Work request ->
The stretch wanted below opens at the line containing "花卉研究，c.1908（彩色木版画） 作者 威廉明娜西格米勒" and closes at the line containing "Productores de arroz". Please return it exactly, with no other lines.

Record excerpts ->
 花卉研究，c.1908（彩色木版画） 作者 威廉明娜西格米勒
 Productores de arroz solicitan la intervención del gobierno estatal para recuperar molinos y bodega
==
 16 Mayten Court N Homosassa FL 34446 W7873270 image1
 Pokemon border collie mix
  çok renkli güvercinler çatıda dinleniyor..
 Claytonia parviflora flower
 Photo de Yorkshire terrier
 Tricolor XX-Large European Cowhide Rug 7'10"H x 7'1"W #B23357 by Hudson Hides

Task solution ->
 花卉研究，c.1908（彩色木版画） 作者 威廉明娜西格米勒
 Productores de arroz solicitan la intervención del gobierno estatal para recuperar molinos y bodega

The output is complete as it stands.